Giuseppe Siggillino, Monsignor Di Macco. Un Arcivescovo onorato dal popolo e dimenticato dal clero
Monsignor Antonio Di Macco, fin dall’inizio delle sue funzioni vescovili, si distinse per le iniziative intraprese a sostegno dei poveri, che spesso visitava nelle loro misere case personalmente, offrendo qualche sollievo alle tante loro esigenze e anche per l’attenzione rivolta ai giovani; egli, aggirandosi per le strade, li avvicinava, li consigliava, li sosteneva moralmente, finché non li vedeva impegnati in qualche lavoro.
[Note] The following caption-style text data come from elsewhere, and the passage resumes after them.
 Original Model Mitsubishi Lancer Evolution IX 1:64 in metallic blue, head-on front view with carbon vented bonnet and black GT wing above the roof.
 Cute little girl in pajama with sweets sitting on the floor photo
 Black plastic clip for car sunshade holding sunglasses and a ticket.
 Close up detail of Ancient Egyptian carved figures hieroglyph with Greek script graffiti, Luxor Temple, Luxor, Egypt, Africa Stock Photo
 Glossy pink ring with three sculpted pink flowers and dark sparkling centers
A lui si devono i primi interventi sociali a favore della popolazione materana, quale l’istituzione del Monte dei Prestiti e il Palombaro del Purgatorio Vecchio, nel Sasso Caveoso.
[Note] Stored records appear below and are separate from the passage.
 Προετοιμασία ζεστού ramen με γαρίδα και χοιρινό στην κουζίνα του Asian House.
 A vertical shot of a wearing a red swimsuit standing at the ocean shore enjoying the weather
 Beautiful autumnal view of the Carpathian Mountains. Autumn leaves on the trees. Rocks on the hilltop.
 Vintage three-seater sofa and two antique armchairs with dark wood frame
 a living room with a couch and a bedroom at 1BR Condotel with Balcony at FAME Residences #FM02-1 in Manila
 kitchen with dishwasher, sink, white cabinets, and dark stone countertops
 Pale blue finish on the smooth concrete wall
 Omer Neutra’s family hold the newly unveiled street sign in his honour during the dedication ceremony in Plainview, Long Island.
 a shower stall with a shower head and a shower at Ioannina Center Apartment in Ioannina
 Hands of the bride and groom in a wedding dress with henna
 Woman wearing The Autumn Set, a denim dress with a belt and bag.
F.P. Volpe descrive Mons. Antonio Di Macco (1783-1854) come persona umile, parca, sprezzante del lusso.
Per Arionisto Togni, socio della Società Operaia di Matera, “Vivo rappresentò la libera coscienza religiosa in tempi di dispotismo civile e religioso; e morto ha un culto civile in questi tempi di affrancamento e di libertà civile e religiosa” (Saluto della Società Operaia alle ceneri di Mons. Di Macco, 1890).
Per Donato Paladino Mons. Di Macco fu “Cristianamente uomo, evangelicamente Sacerdote, pastore protestante verso il Trono [dei Borboni], che spergiurò” (Discorso commemorativo, 1890).
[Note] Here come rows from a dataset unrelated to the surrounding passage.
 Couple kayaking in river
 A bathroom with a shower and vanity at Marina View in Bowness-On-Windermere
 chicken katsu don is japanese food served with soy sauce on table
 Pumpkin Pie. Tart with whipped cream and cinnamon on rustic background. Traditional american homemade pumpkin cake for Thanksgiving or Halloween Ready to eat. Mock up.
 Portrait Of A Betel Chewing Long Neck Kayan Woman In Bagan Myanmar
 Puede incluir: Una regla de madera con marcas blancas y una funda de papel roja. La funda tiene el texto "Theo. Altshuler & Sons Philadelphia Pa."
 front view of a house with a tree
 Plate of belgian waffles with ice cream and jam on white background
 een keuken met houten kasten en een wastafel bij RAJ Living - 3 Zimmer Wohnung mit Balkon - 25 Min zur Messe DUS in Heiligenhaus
Raffaele Giura Longo, parlando del “Risveglio laico della città di Matera” (Le origini del Liceo Duni, Energheia, 2018), ricorda come il ceto dirigente della città “Bollò con parole di fuoco l’atteggiamento dei sacerdoti materani, che si erano astenuti dal prender parte alla manifestazione organizzata dal Comune per onorare l’arcivescovo Antonio Di Macco”.
Questo saggio approfondisce vita e opere di Mons. Di Macco, contribuendo alla conoscenza di alcuni aspetti importanti della società materana dell’Ottocento nel periodo pre e post-unitario.